À partir de mars 2020, tout a basculé avec la reprise de l’économie chinoise, il est devenu une arme offensive pour réguler le marché et le déséquilibre entre offre et demande. "Aujourd’hui, dans le transport maritime, la pandémie a supprimé la peak season. La régularité et la fluidité ont disparu. Les prévisions ne sont désormais plus possibles", a reconnu l'expert ligne régulière de la place de marché de transport de fret.
" Nous sommes conscients qu’il est difficile de fournir un service satisfaisant alors que nous enregistrons des résultats très satisfaisants", a réagi Claus Ellemann-Jensen, directeur général France de Hapag-Lloyd, après des années au service de Maersk.
À l’issue d’un premier semestre positif, le dirigeant anticipe une fin d’année tout aussi exceptionnelle et en forte croissance par rapport aux années noires qui ont précédé. "Nous cherchons à améliorer nos services en achetant ou faisant construire des navires et des conteneurs. Nous avons ainsi 656.000 EVP en commande.
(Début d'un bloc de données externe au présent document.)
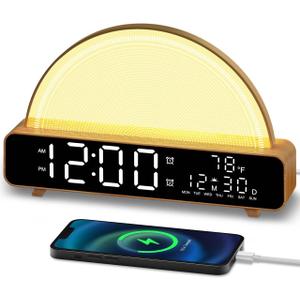 Sunrise Alarm Clock Wake Up Light with Sunrise Simulation White Noise Machine Touch Control Bedside Lamps Colors Atmosphere Lamp 30/60/90 Sleep Timer 13 Nature Sounds (Wood)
Nos relations avec les clients sont une vraie préoccupation. Nous veillons à fournir les informations les plus précises, pour permettre une organisation optimale de leur supply chain avec des solutions logistiques les plus adaptées à chacun. Il est important de travailler tous ensemble pour sortir de cette situation éprouvante pour tous".
Il a reconnu néanmoins "ne pas avoir de solution à offrir sur un plateau d’argent", ajoutant que, "contrairement à d’autres", la compagnie allemande n’avait "peut-être pas été très claire" avec ses clients "pour dire clairement avec qui elle souhaitait travailler". Hapag-Lloyd veut en tout cas repartir sur d’autres bases avec ses clients. Tout comme Maersk et CMA CGM, le représentant de l’armateur de porte-conteneurs a dit prioriser désormais des contrats de plus longue durée, de deux à trois ans au lieu de six mois. Le transporteur est le seul qui, à ce jour, a emboîté le pas à CMA CGM dans son gel de la hausse des taux de fret.
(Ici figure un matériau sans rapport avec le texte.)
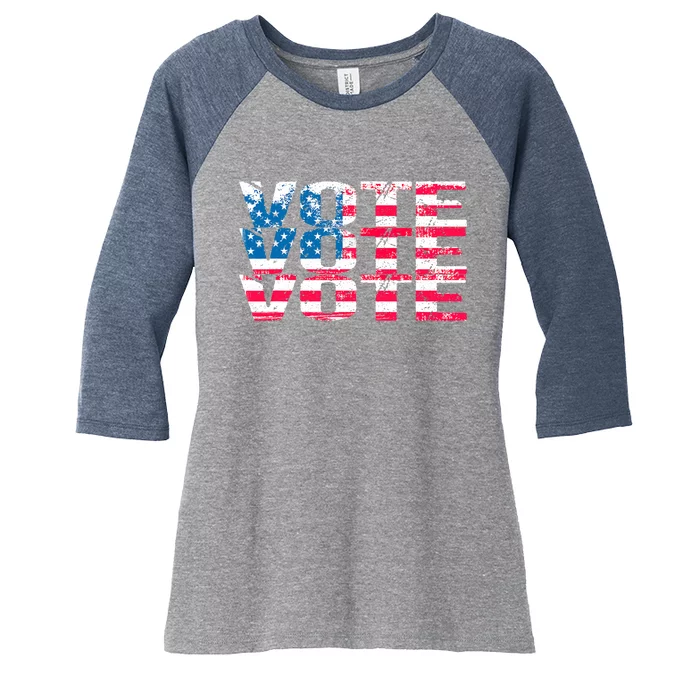 Patriotic US Flag VOTE Midterm Election Voter Women's Tri-Blend 3/4-Sleeve Raglan Shirt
Des alternatives logistiques
Garder le contact avec sa clientèle et ses fournisseurs a également été le premier réflexe du commissionnaire de transport DSV Air & Sea, a reconnu Arnaud Zani, directeur général délégué, qui doit composer avec la durable congestion portuaire. Pour le dirigeant, il existe "des alternatives logistiques possibles" aux porte-conteneurs : le fret ferroviaire, avec notamment les trains de la Nouvelle Route de la soie entre la Chine et l’Europe, en est une. La réduction des envois est en revanche plus envisageable pour les PME/TPE. L’affrètement pour son propre compte en est un autre. À l’instar des "grands" chargeurs de la grande distribution.
"Nous avons connu de très grandes difficultés à trouver de la place sur les navires, a expliqué Yves Antoine, directeur transport et logistique d'Arkema, dont le fret maritime représente un volume 48.000 EVP par an. Nous avons fait face à des prix très élevés de transport maritime et subi par contrecoup d’autres hausses de coûts, par exemple sur les matières premières. Nous avons été contraints de reporter des business voire même perdu des ventes." Ce responsable ne peut que constater "un déséquilibre dans la relation commerciale" avec les compagnies "où les interlocuteurs n’écoutent pas, imposent des surcharges et font pour tout pour ne pas respecter les taux contractuels", a-t-il asséné.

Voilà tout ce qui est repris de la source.